▶ [Dataset extract]
----------------------------------------
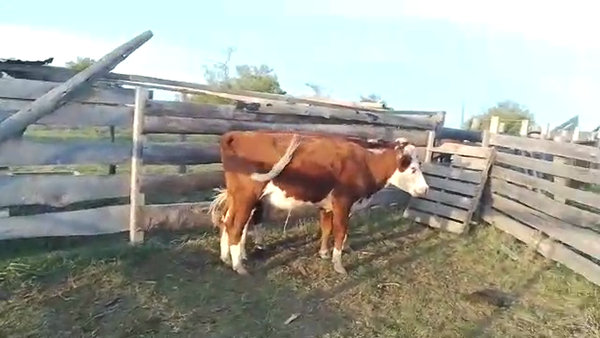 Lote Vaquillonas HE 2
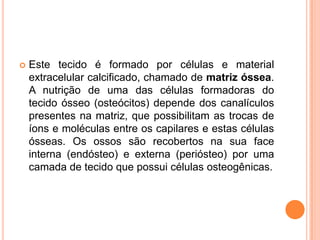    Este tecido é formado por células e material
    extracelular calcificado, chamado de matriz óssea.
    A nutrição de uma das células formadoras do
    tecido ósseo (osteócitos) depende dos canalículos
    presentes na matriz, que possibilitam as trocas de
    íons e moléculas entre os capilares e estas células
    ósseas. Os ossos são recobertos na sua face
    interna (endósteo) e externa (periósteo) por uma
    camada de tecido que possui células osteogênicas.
----------------------------------------
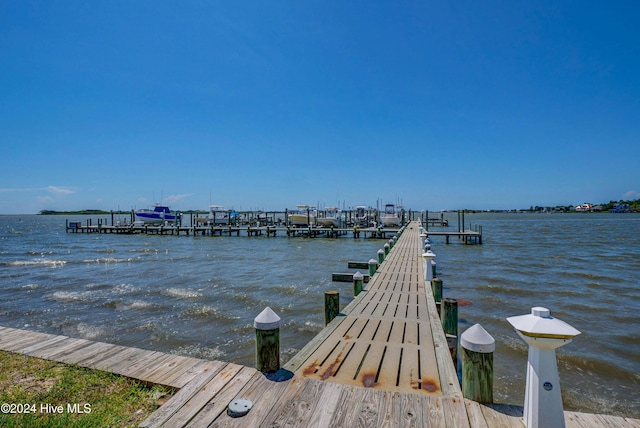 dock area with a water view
----------------------------------------
▶ [Requirement] For this exercise, please set down exactly the lines of the listing above from the line with "Lote Vaquillonas HE 2" up to and including the line with "camada de tecido", and no pictures.

▶ [Your solution]
 Lote Vaquillonas HE 2
    Este tecido é formado por células e material
    extracelular calcificado, chamado de matriz óssea.
    A nutrição de uma das células formadoras do
    tecido ósseo (osteócitos) depende dos canalículos
    presentes na matriz, que possibilitam as trocas de
    íons e moléculas entre os capilares e estas células
    ósseas. Os ossos são recobertos na sua face
    interna (endósteo) e externa (periósteo) por uma
    camada de tecido que possui células osteogênicas.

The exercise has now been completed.